Our age is dominated and afflicted by a sort of pansexualsim. Sex is constantly brought up: not only in social and psychological statements, not only in the many expressions of art and culture, not only in performances and entertainment; even in advertising messages, it is impossible not to evoke it and allude to it.

We sometimes get the impression that we have been influenced and taken in by a mysterious cabal of maniacs who are imposing their own degenerate mentality on everyone else. They are the same ones who never fail to call bigots and prudes those who are not convinced by their lofty arguments. And with their tenacity and their industriousness, they unintentionally reach the sad goal of an objective comicalness.

Evangelical realism

Without a doubt, in the eyes of the world the Christian vision appears fatally abstract and utopian: it is noble and beautiful — one will say — but it is too far from actual reality.
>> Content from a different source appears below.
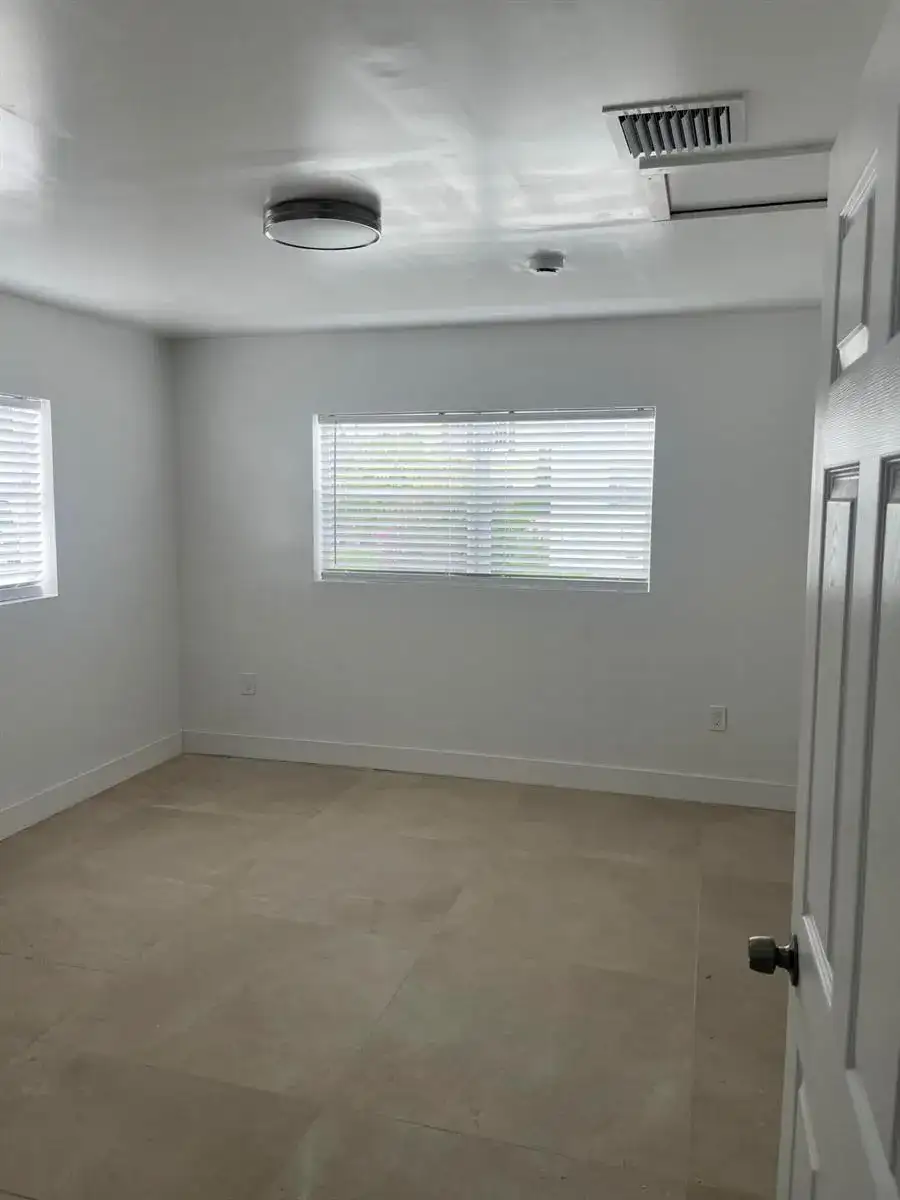 701 S C Street, FL 33460 photo 3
To tell the truth, this idea of chastity is truly impossible and vain for those who do not live baptismal life to the full, with its sacramental practices, with assiduous contemplation of the Paschal event, with making sufficient room for prayer, with committed and joyous participation in ecclesial experience.

The reason lies in the fact that chastity is not a virtue that can be pursued and acquired on one's own, outside of the context of a comprehensive following of Christ. But instead, in the context of a comprehensive following of Christ, everything becomes possible, easy, joyous: "I can do all things in him who gives me strength" (Philippians 4:13).